For whatever reason, it didn’t happen for Hoos. The common theme in Virginia’s three losses this year is that the Cavaliers have won the statistical battle but lost the game. Against UCLA in the season-opener, Virginia eked out more yards and one more first down but did lose the turnover war. In the BYU game at Provo, UVA racked up a whopping (relatively speaking) 519 yards of offense and notched 35 first downs to 332/16 for the Cougars. Last weekend at Duke, Virginia went for 465 and 23 to Duke’s 334/19. Virginia’s problem is that these statistical triumphs have not translated into touchdowns. Virginia has made 29 trips into the red zone this year and has come away with points 25 times. That conversion rate is good for 47th nationally. Unfortunately, the touchdown percentage stands at just 51.72%. Virginia has scored just 15 touchdowns on those 29 trips. The Cavaliers stand 68th nationally in total offense at 407.3 yards per game and 70th in points at 29.0. These are marked improvements from recent years but if Virginia is to become a contender it needs to turn these statistical gains into points or, more specifically, touchdowns.
Having let the Duke opportunity slip from its grasp, Virginia now needs to hold serve at home this weekend against a mercurial UNC team that will present Virginia with a serious challenge. On paper, the Tarheels are Virginia’s evil twin. Virginia plays stout defense. UNC seemingly plays no defense. UNC scores in bunches. Virginia struggles to ring the bell. Virginia’s defense will be hard-pressed to keep UNC off the board, meaning that the offense is going to have to cash in on its red zone trips on Saturday.
Perhaps part of Virginia’s problem is the once-again unsettled situation at quarterback. Greyson Lambert came out of spring practice solidly entrenched as the starter. In a testament to his leadership, he was named a team captain despite being only a sophomore. His backup, Matt Johns, performed admirably in relief of Lambert early in the season and stepped into the starter’s role when Lambert sprained his ankle against BYU. Coach Mike London has stated that his policy is that no starter loses his job to injury so it was somewhat surprising when Johns got the nod last weekend after Lambert practiced all week. Either Lambert’s injury is more serious than previously thought or London has waffled. Lambert clearly proved himself in the spring but his development has been hampered by the ankle injury. Johns, despite throwing for 300 yards last weekend, lacked touch on the deep ball. He overthrew receivers on plays that would have resulted in easy touchdowns had the balls been catchable. Virginia desperately needs some continuity at quarterback. Johns has been a godsend but critics have noted that his mechanics and game management still need work. This perhaps is why Lambert was named the starter early in spring practice.

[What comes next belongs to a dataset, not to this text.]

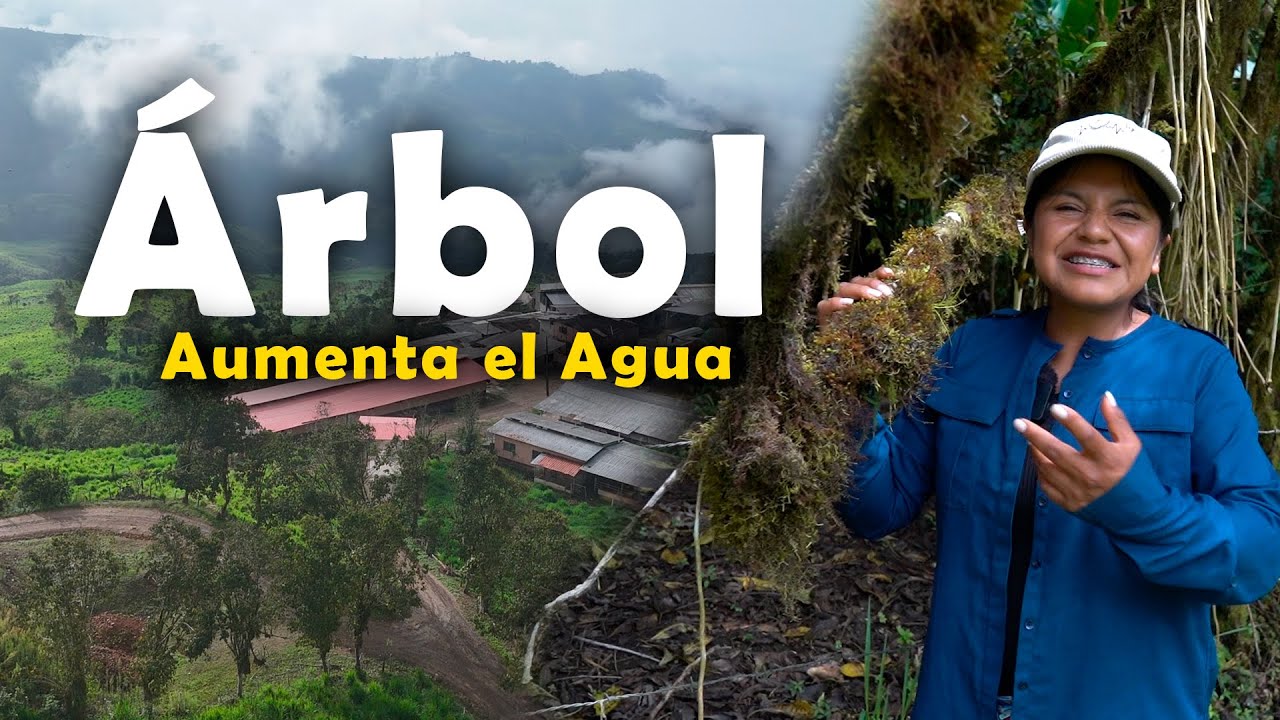 Este árbol aumenta el Agua de una Vertiente 💧🌿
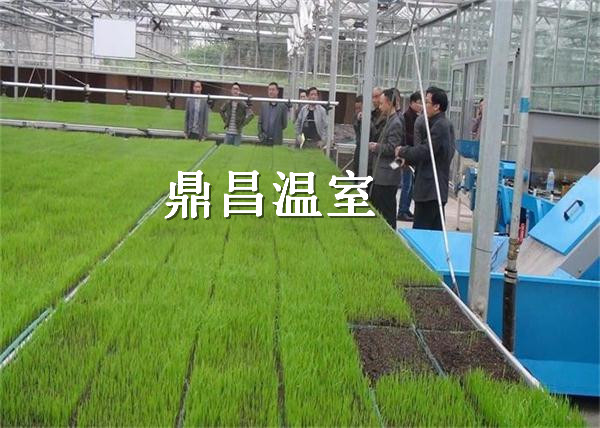 恩施來鳳育苗工廠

UVA fans are a downtrodden lot and the collective mindset of the fan base after last weekend’s loss is that the Duke game was an unclaimed golden ticket. The team’s execution was reminiscent of the effort put forth in the two previous seasons when Virginia won a total of six games and Mike London’s coaching skills were called into question. In a make-or-break season for London, the Cavaliers do not have much of an error margin. The UNC contest this weekend is UVA’s next-to-last home game. For Virginia to gain bowl eligibility it needs to beat UNC this weekend and Miami on November 22. That would get the team to six wins, a bowl game, and give Mike London another year at the helm. Supposedly.
Progress is not a straight line endeavor. Virginia stumbled last weekend in a game in which it was not favored but believed it could win anyway. The press noted that the players were irate in postgame interviews, no doubt frustrated by the fact that effort, desire, and preparation do not always produce the desired result. For the program to take the next step, Virginia has got to ramp up the offensive efficiency. Virginia will need better execution this weekend. Virginia needs touchdowns.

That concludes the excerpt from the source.